Both options provide decent benefits and drawbacks. Let us observe them.

Option 1 provides the most concise way of viewing the data. Rows and columns cleanly provide ways to access the necessary data. However, extracting bits of data from the table may cause problems. For example, if one wishes to read the `.csv` into a python DataFrame, additional parsing would be needed to extra *just* the "move_made" or *just* the "playername" at a given board state. Additionally, special care would need to go into deciding a delimiter to separate the player name and move made. Obviously, it cannot be a comma. The pipe symbol `|` may work. Finally, this may require less code initially as the `(playername, move_made)` format is how the game data is stored in the `board.data` object.

Option 2 provides a much more complex way of viewing the data. To extrapolate important information, one needs to isolate a column pair. Additional code would be needed to identify column pairs based on game state. However, extracting bits of data may be significantly easier. Indexing directly into a row/column pair will give the immediate data at that entry, without the need to parse additionally.

We do not initially know which format will be easiest to work with. We know that both will require additional code/work to extrapolate specific bits of data. We will investigate both formats.

Obviously, we start by importing everything we need to run some games.

In [24]:
from classes.player import Player
from classes.board import Board
from classes.referee import Referee
from classes.game import Game

# Import the rulesets and strategy
from toothpick_takeaway.classes.toothpick_ruleset import ToothpickRuleset
from toothpick_takeaway.classes.toothpick_strategy import ToothpickStrategy
from unbalanced_rook.classes.rook_ruleset import RookRuleset
from unbalanced_rook.classes.rook_strategy import RookStrategy

Next let's set up the game(s).
As usual, this consists of:
* Initializing a ruleset and strategy
* Initializing two players
* Initializing a board
* Initializing a referee
* Initializing a game

Then we run the games in a loop, appending the returned data to a list to be used later.

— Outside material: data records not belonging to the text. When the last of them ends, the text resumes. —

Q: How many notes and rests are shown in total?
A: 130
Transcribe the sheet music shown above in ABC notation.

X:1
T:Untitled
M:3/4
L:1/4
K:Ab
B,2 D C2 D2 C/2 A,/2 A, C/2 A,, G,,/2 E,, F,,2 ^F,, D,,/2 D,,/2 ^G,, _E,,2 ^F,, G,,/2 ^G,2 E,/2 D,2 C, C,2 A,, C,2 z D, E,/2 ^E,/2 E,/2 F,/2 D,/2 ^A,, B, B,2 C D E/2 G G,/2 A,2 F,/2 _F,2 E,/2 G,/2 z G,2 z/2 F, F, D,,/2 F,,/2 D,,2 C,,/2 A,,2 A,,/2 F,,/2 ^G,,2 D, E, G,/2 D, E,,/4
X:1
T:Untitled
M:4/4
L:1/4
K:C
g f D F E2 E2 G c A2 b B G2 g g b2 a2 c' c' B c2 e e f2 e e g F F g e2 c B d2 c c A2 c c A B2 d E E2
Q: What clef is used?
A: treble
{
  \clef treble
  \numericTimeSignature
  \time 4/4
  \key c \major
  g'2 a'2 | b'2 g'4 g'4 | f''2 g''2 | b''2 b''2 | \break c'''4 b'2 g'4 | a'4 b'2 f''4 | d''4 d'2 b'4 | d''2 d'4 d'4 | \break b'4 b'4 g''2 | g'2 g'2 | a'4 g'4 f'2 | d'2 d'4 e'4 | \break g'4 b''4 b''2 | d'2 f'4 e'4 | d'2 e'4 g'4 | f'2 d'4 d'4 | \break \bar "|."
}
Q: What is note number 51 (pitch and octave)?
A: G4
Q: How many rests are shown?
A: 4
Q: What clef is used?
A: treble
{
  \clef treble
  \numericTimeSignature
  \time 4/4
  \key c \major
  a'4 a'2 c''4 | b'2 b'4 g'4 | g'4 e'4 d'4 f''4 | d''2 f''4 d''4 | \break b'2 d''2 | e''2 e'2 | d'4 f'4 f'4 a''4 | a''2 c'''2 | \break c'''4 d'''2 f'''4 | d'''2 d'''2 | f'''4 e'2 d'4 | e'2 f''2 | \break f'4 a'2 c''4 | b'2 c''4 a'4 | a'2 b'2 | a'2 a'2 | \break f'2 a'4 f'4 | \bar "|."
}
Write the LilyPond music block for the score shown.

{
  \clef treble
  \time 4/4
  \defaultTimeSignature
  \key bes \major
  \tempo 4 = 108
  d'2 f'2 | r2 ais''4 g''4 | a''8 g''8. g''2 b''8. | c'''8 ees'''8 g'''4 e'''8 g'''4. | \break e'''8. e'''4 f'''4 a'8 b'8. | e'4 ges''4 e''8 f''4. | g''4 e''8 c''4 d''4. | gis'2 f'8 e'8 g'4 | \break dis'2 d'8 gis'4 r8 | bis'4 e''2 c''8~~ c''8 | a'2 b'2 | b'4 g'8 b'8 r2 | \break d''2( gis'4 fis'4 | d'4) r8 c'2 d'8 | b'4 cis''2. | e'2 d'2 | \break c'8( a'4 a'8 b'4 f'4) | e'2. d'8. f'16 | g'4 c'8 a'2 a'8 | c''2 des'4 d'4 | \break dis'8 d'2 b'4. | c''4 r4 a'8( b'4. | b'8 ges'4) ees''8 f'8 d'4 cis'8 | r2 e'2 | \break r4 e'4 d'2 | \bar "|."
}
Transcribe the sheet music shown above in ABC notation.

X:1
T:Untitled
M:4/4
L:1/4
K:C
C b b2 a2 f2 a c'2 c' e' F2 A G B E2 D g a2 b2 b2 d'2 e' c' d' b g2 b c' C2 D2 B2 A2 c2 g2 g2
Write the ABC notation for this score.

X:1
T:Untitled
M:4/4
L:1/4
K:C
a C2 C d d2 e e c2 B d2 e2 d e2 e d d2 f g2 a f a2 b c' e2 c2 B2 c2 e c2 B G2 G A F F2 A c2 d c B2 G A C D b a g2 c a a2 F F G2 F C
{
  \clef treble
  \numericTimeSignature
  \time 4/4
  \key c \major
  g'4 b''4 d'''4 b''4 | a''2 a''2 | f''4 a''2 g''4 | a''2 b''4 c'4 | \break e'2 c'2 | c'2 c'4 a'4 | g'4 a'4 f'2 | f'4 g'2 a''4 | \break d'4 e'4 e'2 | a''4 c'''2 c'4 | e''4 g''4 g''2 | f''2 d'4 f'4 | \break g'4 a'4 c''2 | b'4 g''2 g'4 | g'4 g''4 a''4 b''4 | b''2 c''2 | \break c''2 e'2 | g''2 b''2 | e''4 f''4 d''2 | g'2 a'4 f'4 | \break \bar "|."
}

Comment out either the Toothpick ruleset/strategy code, or the Rook ruleset/strategy code, depending on what game you want to run.

In [2]:
#ruleset =  ToothpickRuleset("Toothpick Takeaway Ruleset", initial_state=10, bounds=2)
#strategy = ToothpickStrategy("Random Strategy for Toothpick Takeaway")
ruleset =  RookRuleset("Rook Takeaway Ruleset", initial_state={"D": 0, "R": 0}, bounds={"D": 10, "R": 10})
strategy = RookStrategy("Random Strategy for Unbalanced Rook")

p1 = Player("player1", strategy)
p2 = Player("player2", strategy)

board = Board(ruleset.initial_state, ruleset.bounds)

ref = Referee(board, ruleset)

game = Game(ref, board, [p1, p2])

games = []
for i in range(10):

    data = game.play().data
    games.append(data)

As a reference, here is the `csv_writer` function we used for Toothpick Takeaway last Fall:

In [25]:
import csv
def write_to_csv(game_data, filename):
    """
    Writes game data to a .csv file.

    Parameters:
        game_data (list): Data of each turn made in the game and the winner of that game
        filename (string): Name of the file to write to
    """
    # Get the total number of toothpicks at the start
    start_val = max(game_data[0].history.keys())

    # Make a descending list of all toothpicks left
    toothpicks_left = list(range(start_val, 0, -1))

    # Create our headings: Toothpicks left and turn
    headings = []
    for heading in toothpicks_left:
        headings.append(heading)
        headings.append("turn_{}".format(heading))
    headings.append("winner")

    # Start building rows; one row per game
    rows = []
    for summary in game_data:
        # How many toothpicks were taken at each turn in the game
        turns = [summary.history[turn]["move"] for turn in summary.history]
        # Who took those toothpicks
        names = [summary.history[turn]["name"] for turn in summary.history]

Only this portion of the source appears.